The scale of that support was a direct result of the stunning images of distant galaxies and nebulae that Hubble has produced over the years. While those images are helping scientists understand the universe, they have caught the imagination of millions, regardless of whether they care about or comprehend the physics behind these stellar phenomena.
It was not an easy decision for NASA. The planned Shuttle servicing mission was cancelled in the wake of the 2003 Columbia disaster because a rendezvous with Hubble will deny the crew the safe haven of the International Space Station. Inspecting the orbiter for damage, and if necessary repairing its thermal protection, will be more difficult without the support of the ISS.
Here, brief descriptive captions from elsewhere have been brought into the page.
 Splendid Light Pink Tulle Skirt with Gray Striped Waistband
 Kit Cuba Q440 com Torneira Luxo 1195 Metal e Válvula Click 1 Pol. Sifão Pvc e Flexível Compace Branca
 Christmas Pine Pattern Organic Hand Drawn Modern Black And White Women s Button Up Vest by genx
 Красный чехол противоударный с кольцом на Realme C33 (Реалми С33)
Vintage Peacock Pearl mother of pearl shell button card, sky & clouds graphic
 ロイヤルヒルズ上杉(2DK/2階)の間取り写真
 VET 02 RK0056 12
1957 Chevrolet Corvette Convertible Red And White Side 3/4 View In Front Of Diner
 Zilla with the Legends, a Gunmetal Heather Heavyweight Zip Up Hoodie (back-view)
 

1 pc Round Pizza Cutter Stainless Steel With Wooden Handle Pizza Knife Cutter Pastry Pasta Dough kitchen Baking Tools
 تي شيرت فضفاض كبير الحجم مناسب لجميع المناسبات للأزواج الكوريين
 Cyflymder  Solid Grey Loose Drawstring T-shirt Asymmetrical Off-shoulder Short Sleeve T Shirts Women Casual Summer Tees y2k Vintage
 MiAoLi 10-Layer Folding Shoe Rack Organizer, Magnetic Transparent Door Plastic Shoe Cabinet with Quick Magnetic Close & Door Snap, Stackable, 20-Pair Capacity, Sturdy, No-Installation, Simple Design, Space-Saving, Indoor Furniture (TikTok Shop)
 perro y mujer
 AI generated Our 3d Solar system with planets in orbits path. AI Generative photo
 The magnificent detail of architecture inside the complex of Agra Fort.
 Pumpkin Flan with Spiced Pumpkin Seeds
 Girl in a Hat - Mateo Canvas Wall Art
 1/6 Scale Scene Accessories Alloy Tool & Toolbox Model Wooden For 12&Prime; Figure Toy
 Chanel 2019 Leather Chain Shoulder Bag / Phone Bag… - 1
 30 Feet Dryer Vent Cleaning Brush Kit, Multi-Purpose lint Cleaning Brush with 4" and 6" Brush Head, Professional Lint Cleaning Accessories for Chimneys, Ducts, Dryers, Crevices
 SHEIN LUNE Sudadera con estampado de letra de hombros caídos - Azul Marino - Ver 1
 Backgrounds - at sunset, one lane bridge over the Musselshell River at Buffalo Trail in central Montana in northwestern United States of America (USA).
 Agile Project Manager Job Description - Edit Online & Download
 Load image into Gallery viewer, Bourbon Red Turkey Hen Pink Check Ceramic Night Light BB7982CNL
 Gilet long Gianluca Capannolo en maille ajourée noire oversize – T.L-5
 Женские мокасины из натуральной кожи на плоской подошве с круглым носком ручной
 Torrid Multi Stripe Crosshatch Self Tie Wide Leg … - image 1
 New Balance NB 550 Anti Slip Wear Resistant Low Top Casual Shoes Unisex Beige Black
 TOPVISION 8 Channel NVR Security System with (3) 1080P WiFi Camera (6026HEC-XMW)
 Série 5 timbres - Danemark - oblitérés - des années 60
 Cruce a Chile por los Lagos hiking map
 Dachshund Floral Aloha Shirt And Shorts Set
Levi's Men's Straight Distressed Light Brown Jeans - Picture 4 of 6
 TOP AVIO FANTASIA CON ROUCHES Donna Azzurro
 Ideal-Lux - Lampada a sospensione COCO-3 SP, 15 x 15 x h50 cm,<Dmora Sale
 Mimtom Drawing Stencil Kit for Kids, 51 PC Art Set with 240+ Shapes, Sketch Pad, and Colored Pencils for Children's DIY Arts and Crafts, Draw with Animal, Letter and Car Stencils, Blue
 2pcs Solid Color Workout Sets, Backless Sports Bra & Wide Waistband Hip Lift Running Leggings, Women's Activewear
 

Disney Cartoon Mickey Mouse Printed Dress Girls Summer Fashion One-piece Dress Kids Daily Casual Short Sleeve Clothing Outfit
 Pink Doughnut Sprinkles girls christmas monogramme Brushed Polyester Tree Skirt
With only three missions under its belt since return to flight, and lingering issues with foam debris, NASA has decided the Shuttle is safe enough to fly to Hubble. Damage has been mitigated and on-orbit inspection and repair techniques demonstrated. With only a few Shuttle flights left before its retirement in 2010, it was time to commit to repairing Hubble - and NASA has.
The response has been overwhelmingly positive. For some Hubble is simply too valuable an asset to allow it to fall into disrepair. For others, the final servicing mission will underline, at the twilight of its troubled life, what the Shuttle was all about. And the two have been linked from the beginning. Hubble was scheduled for a Shuttle launch in 1986, but was delayed by the Challenger disaster that year, finally being orbited in 1990 and subsequently visited four times: the first in 1993 to fix a problem with the telescope's primary mirror, then three more times between 1997 and 2002 to service and upgrade the observatory.
To fans of manned spaceflight, the images of spacewalking astronauts capturing the massive satellite, servicing it from the Shuttle payload bay, then releasing it to return to its observations, are as inspiring as the telescope's imagery - as much a glimpse into a distant future as Hubble's dramatic pictures are a look into a distant past.
And that is the lesson for NASA. Hubble's long view into deep space is integral to the public's interest in, and support for, space exploration. As the agency gets on with the solid, but dull engineering task of developing the USA's next manned spacecraft, it must not take its eye off the necessity of providing inspiration.